Phase II trial of gemcitabine plus capecitabine in patients with advanced biliary tract cancer

Abstract

4173 Background: Biliary tract cancer is a rare but aggressive cancer with median survival rarely exceeding 6 months. At present, there is no standard chemotherapy regimen for this disease. Recent trials suggest that new agents such as gemcitabine or capecitabine have activity in this disease. We conducted a phase II trial to evaluate the efficacy and toxicity of the gemcitabine plus capecitabine in patients with advanced biliary cancer. Methods: Patients with unresectable cholangiocarcinoma or gallbladder (GB) cancer who had pathologically confirmed adenocarcinoma, no prior chemotherapy, ECOG PS ≤ 2 and measurable disease were enrolled. Treatment consisted of gemcitabine 1,000 mg/m2 IV day 1, 8, 15 with capecitabine 830 mg/m2 PO BID day 1 to 21, on a 4 week cycle. Results: Between Dec 2002 and Sep 2004, 34 pts were enrolled. Median age was 52 (32–64) with 20 males. Twenty (59%) had cholangiocarcinoma, 11 (32%) had GB cancer and 3 (9%) had ampulla of Vater cancer. Thirty pts were evaluable for response and toxicity. A total of 88 cycles were administered (median, 2; range, 1–9). One patient achieved CR and 3 pts achieved PR giving an overall response rate of 11.8% in intention-to-treat population (95% CI, 1.0–22.6%).
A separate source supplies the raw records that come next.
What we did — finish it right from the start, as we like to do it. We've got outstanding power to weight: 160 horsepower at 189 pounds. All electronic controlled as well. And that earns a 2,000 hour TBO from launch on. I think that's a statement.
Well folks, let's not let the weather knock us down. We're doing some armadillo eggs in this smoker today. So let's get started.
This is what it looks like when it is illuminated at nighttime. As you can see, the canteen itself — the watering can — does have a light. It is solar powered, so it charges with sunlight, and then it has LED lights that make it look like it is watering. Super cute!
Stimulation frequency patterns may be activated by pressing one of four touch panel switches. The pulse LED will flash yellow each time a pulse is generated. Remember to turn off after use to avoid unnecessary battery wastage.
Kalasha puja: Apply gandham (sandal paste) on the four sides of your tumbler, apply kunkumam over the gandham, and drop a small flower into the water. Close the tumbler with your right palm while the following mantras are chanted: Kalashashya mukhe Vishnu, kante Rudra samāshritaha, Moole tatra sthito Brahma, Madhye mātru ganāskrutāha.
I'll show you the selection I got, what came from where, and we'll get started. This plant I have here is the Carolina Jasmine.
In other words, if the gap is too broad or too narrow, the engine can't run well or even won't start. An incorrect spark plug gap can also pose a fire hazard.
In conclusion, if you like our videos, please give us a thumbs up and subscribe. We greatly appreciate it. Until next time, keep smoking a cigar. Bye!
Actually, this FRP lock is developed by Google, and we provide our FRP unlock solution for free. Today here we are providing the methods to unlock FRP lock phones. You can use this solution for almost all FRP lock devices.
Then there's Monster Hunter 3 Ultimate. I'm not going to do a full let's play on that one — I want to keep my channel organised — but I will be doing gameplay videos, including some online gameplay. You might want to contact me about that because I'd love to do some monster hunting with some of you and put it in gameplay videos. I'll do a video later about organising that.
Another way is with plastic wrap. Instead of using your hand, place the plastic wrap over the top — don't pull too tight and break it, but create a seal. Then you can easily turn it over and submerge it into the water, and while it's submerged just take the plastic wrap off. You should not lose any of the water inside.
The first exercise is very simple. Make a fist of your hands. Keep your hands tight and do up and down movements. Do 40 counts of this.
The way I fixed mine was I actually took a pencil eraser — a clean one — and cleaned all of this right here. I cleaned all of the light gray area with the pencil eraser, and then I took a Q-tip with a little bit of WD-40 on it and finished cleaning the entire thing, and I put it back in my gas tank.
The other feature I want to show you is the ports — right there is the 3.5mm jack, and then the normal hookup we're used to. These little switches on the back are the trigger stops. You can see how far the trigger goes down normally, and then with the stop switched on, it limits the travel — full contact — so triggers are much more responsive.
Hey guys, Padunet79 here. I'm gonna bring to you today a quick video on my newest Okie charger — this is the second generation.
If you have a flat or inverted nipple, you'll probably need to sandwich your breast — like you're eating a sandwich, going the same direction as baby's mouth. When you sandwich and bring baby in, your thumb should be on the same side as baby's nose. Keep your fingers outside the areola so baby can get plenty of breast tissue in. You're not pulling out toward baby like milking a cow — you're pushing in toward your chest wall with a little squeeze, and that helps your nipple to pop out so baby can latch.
And 10 pts (29.4%) had stable disease. Response rate for cholangiocarcinoma is 15.0% and GB cancer is 9.1%. The median time to progression of all patients was 2.6 months (mo) (95% CI, 1.3–3.9). The median overall survival was 7.8 mo (95% CI, 6.5–9.0). Grade 3/4 neutropenia and thrombocytopenia were noted in 40.0% and 16.7% of the pts, respectively. Grade 2/3 non-hematologic toxicities were asthenia (36.7% of pts), diarrhea (10.0%), stomatitis (10.0%) and hand-foot syndrome (3.3%). There was no treatment-related death. Gemcitabine on days 8 and 15 was skipped/reduced in 8%/13%, and 23%/30% of the patients, respectively. Therefore, the dose intensity of gemcitabine fell to 88.6% and 66.6% of the planned dose on days 8 and 15, respectively.Conclusions: The combination of gemcitabine and capecitabine in this four week cycle does not seem to have advantages in activity over other regimens in advanced biliary cancer. New dose schedule which can maintain the dose intensity of gemcitabine may improve the activity of this combination. No significant financial relationships to disclose.